▶ WHAT THIS TASK INVOLVES:
The entries are to be output in full, word for word.

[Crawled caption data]
----
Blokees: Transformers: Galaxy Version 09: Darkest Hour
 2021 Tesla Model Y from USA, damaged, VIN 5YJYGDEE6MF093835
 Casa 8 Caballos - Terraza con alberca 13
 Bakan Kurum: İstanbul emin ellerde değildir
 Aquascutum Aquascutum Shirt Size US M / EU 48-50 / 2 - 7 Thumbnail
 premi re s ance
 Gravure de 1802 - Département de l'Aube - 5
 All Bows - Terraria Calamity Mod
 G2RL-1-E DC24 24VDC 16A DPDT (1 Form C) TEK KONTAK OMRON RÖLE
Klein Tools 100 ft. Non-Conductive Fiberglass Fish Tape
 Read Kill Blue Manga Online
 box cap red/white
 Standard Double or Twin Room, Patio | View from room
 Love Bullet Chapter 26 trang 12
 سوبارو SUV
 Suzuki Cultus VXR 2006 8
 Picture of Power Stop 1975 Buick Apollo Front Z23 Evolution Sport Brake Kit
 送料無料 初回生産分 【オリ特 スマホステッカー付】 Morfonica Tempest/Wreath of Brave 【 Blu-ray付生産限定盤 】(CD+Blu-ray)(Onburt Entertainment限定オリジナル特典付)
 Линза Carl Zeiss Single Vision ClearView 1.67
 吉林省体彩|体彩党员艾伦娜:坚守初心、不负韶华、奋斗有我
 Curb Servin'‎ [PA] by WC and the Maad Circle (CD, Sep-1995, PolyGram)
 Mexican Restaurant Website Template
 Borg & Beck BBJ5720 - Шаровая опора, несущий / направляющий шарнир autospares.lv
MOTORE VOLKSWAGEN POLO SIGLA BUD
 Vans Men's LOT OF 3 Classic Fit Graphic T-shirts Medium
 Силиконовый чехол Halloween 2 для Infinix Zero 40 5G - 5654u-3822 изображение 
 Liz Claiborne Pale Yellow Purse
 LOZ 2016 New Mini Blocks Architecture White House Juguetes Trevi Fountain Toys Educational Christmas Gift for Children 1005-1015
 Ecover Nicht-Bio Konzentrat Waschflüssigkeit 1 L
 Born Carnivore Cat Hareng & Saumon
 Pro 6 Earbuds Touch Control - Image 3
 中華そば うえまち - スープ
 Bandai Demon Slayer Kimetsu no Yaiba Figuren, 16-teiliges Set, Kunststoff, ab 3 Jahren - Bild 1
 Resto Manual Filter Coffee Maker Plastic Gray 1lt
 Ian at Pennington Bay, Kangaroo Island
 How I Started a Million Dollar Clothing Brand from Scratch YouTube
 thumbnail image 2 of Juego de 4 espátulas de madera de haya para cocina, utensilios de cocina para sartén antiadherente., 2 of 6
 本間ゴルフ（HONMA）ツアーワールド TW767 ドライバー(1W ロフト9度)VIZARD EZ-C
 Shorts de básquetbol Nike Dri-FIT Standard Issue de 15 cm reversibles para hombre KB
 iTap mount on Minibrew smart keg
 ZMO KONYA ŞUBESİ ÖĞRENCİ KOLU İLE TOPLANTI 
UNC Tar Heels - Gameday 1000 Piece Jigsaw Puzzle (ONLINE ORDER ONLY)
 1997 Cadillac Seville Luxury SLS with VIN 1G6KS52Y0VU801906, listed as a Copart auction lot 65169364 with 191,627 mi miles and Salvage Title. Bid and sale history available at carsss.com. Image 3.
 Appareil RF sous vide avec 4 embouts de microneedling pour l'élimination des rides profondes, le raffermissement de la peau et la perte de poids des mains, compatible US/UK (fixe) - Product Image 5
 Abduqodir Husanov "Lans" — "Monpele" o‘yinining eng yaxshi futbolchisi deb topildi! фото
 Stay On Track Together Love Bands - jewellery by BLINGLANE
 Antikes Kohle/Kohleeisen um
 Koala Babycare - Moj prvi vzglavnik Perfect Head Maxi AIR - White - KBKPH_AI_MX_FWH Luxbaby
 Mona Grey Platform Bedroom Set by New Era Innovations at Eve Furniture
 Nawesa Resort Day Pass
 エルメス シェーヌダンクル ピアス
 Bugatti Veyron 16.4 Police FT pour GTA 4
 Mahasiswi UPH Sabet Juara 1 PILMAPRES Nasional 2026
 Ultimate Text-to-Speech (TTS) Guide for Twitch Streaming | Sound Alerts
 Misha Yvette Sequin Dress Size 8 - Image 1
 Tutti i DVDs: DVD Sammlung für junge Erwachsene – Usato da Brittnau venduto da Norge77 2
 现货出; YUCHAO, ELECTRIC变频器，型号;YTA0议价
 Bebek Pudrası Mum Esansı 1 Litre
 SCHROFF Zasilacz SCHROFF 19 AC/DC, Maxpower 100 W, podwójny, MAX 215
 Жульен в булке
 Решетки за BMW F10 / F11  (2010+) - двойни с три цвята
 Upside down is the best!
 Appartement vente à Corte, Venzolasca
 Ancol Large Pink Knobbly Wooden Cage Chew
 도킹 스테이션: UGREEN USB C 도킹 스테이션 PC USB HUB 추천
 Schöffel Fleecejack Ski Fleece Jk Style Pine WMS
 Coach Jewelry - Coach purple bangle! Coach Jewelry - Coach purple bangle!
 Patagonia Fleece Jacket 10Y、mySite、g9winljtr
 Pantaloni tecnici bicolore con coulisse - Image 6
----
▶ ANSWER SPACE:
Blokees: Transformers: Galaxy Version 09: Darkest Hour
 2021 Tesla Model Y from USA, damaged, VIN 5YJYGDEE6MF093835
 Casa 8 Caballos - Terraza con alberca 13
 Bakan Kurum: İstanbul emin ellerde değildir
 Aquascutum Aquascutum Shirt Size US M / EU 48-50 / 2 - 7 Thumbnail
 premi re s ance
 Gravure de 1802 - Département de l'Aube - 5
 All Bows - Terraria Calamity Mod
 G2RL-1-E DC24 24VDC 16A DPDT (1 Form C) TEK KONTAK OMRON RÖLE
Klein Tools 100 ft. Non-Conductive Fiberglass Fish Tape
 Read Kill Blue Manga Online
 box cap red/white
 Standard Double or Twin Room, Patio | View from room
 Love Bullet Chapter 26 trang 12
 سوبارو SUV
 Suzuki Cultus VXR 2006 8
 Picture of Power Stop 1975 Buick Apollo Front Z23 Evolution Sport Brake Kit
 送料無料 初回生産分 【オリ特 スマホステッカー付】 Morfonica Tempest/Wreath of Brave 【 Blu-ray付生産限定盤 】(CD+Blu-ray)(Onburt Entertainment限定オリジナル特典付)
 Линза Carl Zeiss Single Vision ClearView 1.67
 吉林省体彩|体彩党员艾伦娜:坚守初心、不负韶华、奋斗有我
 Curb Servin'‎ [PA] by WC and the Maad Circle (CD, Sep-1995, PolyGram)
 Mexican Restaurant Website Template
 Borg & Beck BBJ5720 - Шаровая опора, несущий / направляющий шарнир autospares.lv
MOTORE VOLKSWAGEN POLO SIGLA BUD
 Vans Men's LOT OF 3 Classic Fit Graphic T-shirts Medium
 Силиконовый чехол Halloween 2 для Infinix Zero 40 5G - 5654u-3822 изображение 
 Liz Claiborne Pale Yellow Purse
 LOZ 2016 New Mini Blocks Architecture White House Juguetes Trevi Fountain Toys Educational Christmas Gift for Children 1005-1015
 Ecover Nicht-Bio Konzentrat Waschflüssigkeit 1 L
 Born Carnivore Cat Hareng & Saumon
 Pro 6 Earbuds Touch Control - Image 3
 中華そば うえまち - スープ
 Bandai Demon Slayer Kimetsu no Yaiba Figuren, 16-teiliges Set, Kunststoff, ab 3 Jahren - Bild 1
 Resto Manual Filter Coffee Maker Plastic Gray 1lt
 Ian at Pennington Bay, Kangaroo Island
 How I Started a Million Dollar Clothing Brand from Scratch YouTube
 thumbnail image 2 of Juego de 4 espátulas de madera de haya para cocina, utensilios de cocina para sartén antiadherente., 2 of 6
 本間ゴルフ（HONMA）ツアーワールド TW767 ドライバー(1W ロフト9度)VIZARD EZ-C
 Shorts de básquetbol Nike Dri-FIT Standard Issue de 15 cm reversibles para hombre KB
 iTap mount on Minibrew smart keg
 ZMO KONYA ŞUBESİ ÖĞRENCİ KOLU İLE TOPLANTI 
UNC Tar Heels - Gameday 1000 Piece Jigsaw Puzzle (ONLINE ORDER ONLY)
 1997 Cadillac Seville Luxury SLS with VIN 1G6KS52Y0VU801906, listed as a Copart auction lot 65169364 with 191,627 mi miles and Salvage Title. Bid and sale history available at carsss.com. Image 3.
 Appareil RF sous vide avec 4 embouts de microneedling pour l'élimination des rides profondes, le raffermissement de la peau et la perte de poids des mains, compatible US/UK (fixe) - Product Image 5
 Abduqodir Husanov "Lans" — "Monpele" o‘yinining eng yaxshi futbolchisi deb topildi! фото
 Stay On Track Together Love Bands - jewellery by BLINGLANE
 Antikes Kohle/Kohleeisen um
 Koala Babycare - Moj prvi vzglavnik Perfect Head Maxi AIR - White - KBKPH_AI_MX_FWH Luxbaby
 Mona Grey Platform Bedroom Set by New Era Innovations at Eve Furniture
 Nawesa Resort Day Pass
 エルメス シェーヌダンクル ピアス
 Bugatti Veyron 16.4 Police FT pour GTA 4
 Mahasiswi UPH Sabet Juara 1 PILMAPRES Nasional 2026
 Ultimate Text-to-Speech (TTS) Guide for Twitch Streaming | Sound Alerts
 Misha Yvette Sequin Dress Size 8 - Image 1
 Tutti i DVDs: DVD Sammlung für junge Erwachsene – Usato da Brittnau venduto da Norge77 2
 现货出; YUCHAO, ELECTRIC变频器，型号;YTA0议价
 Bebek Pudrası Mum Esansı 1 Litre
 SCHROFF Zasilacz SCHROFF 19 AC/DC, Maxpower 100 W, podwójny, MAX 215
 Жульен в булке
 Решетки за BMW F10 / F11  (2010+) - двойни с три цвята
 Upside down is the best!
 Appartement vente à Corte, Venzolasca
 Ancol Large Pink Knobbly Wooden Cage Chew
 도킹 스테이션: UGREEN USB C 도킹 스테이션 PC USB HUB 추천
 Schöffel Fleecejack Ski Fleece Jk Style Pine WMS
 Coach Jewelry - Coach purple bangle! Coach Jewelry - Coach purple bangle!
 Patagonia Fleece Jacket 10Y、mySite、g9winljtr
 Pantaloni tecnici bicolore con coulisse - Image 6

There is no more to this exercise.